▶ _Problem details_: Retype, exactly as written, every line from the one containing "dining area featuring" through the last line of the records below, both included; skip the pictures.

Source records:
=-=-=
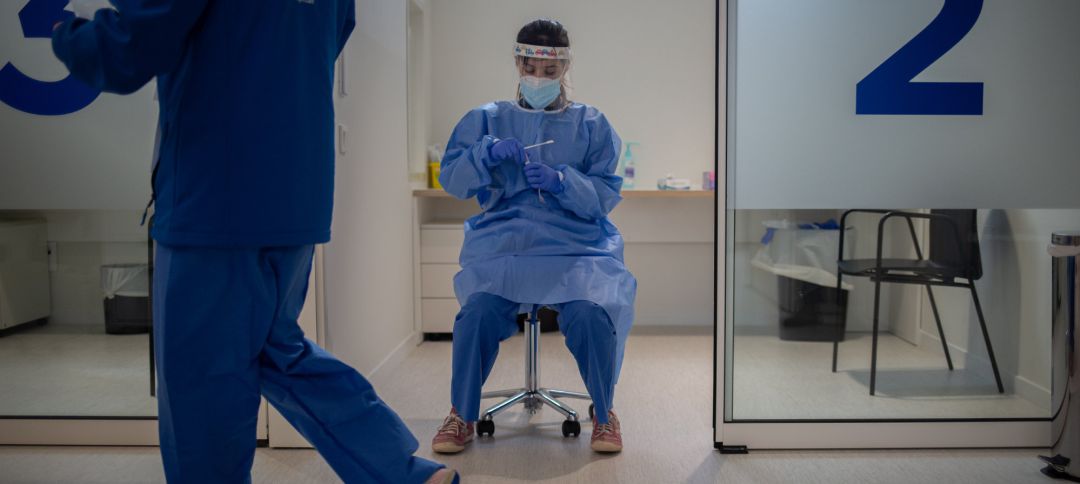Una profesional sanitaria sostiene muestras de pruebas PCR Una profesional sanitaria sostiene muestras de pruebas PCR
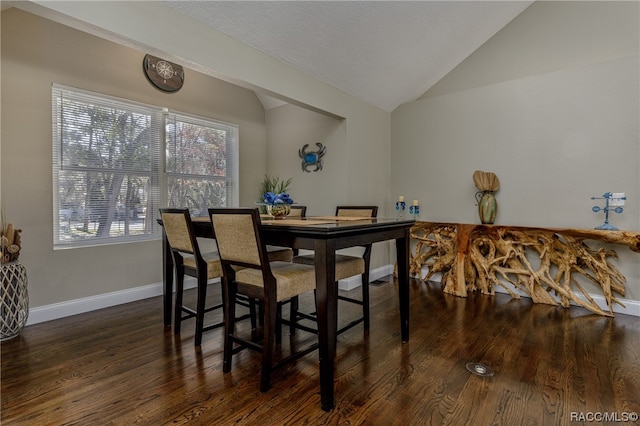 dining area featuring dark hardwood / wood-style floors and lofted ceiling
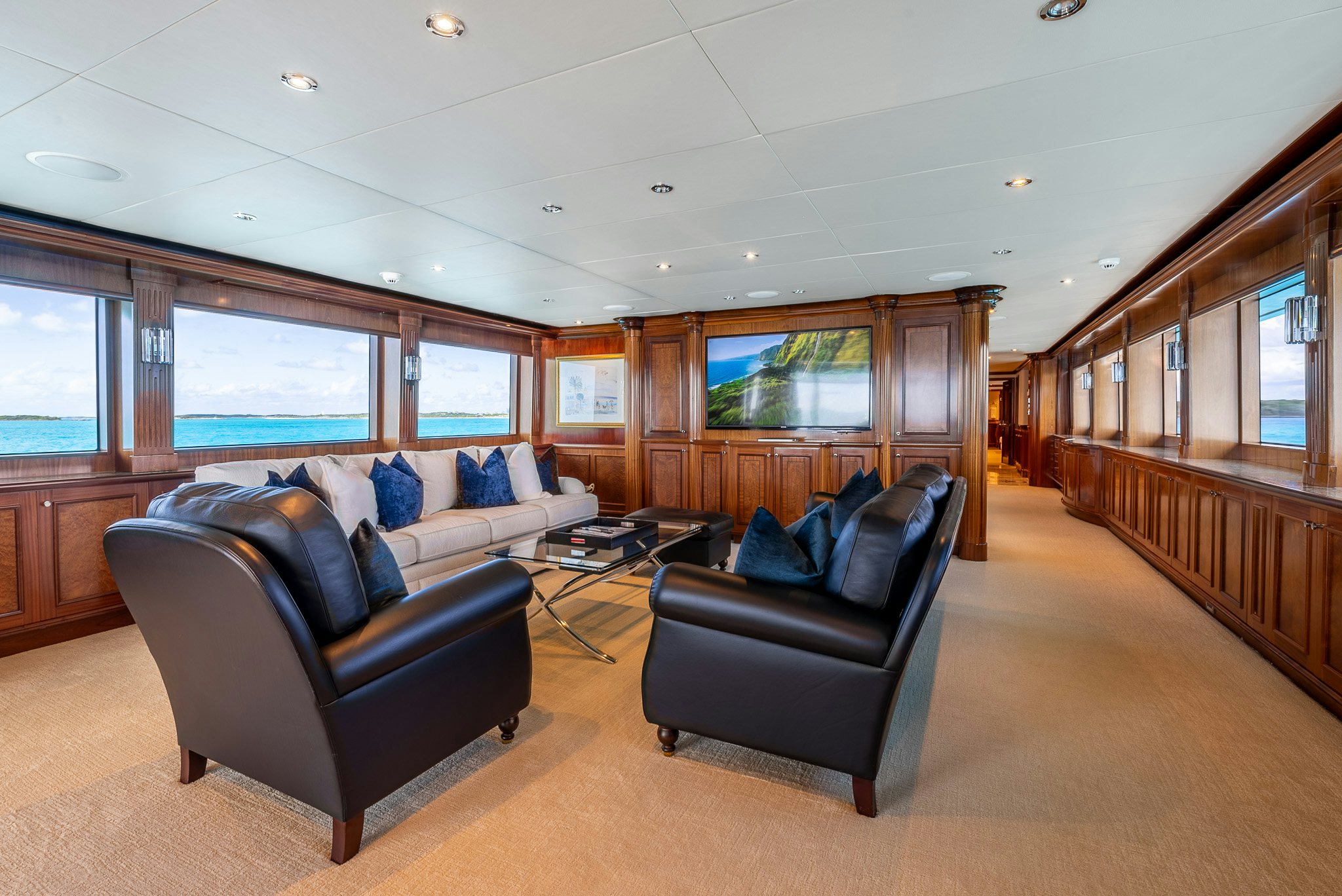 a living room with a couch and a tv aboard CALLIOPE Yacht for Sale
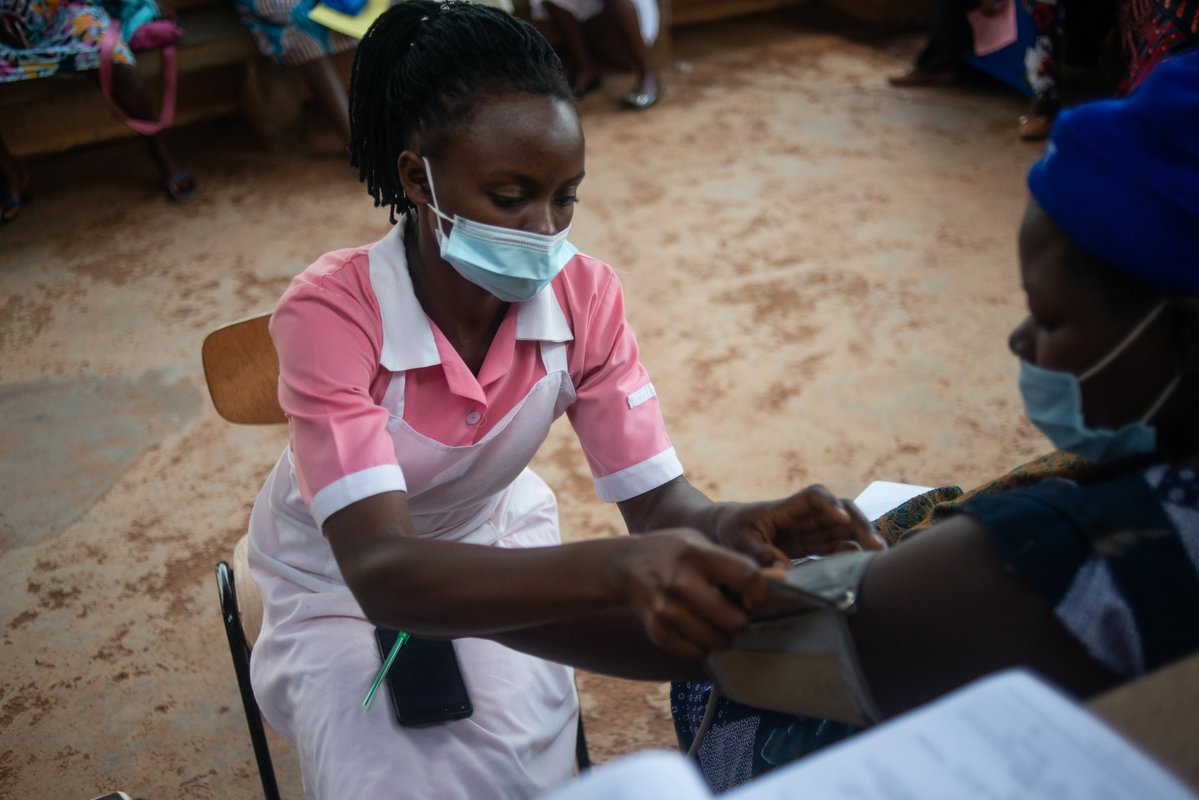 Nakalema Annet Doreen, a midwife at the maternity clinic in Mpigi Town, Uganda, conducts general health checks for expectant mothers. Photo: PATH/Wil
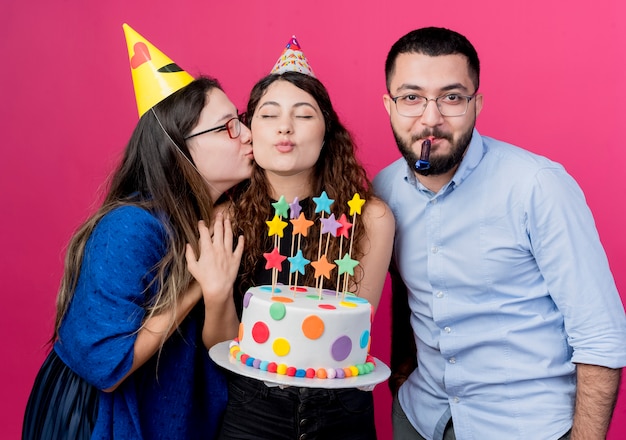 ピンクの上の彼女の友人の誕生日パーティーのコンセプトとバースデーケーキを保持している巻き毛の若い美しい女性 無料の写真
=-=-=
▶ _Expected answer_:
 dining area featuring dark hardwood / wood-style floors and lofted ceiling
 a living room with a couch and a tv aboard CALLIOPE Yacht for Sale
 Nakalema Annet Doreen, a midwife at the maternity clinic in Mpigi Town, Uganda, conducts general health checks for expectant mothers. Photo: PATH/Wil
 ピンクの上の彼女の友人の誕生日パーティーのコンセプトとバースデーケーキを保持している巻き毛の若い美しい女性 無料の写真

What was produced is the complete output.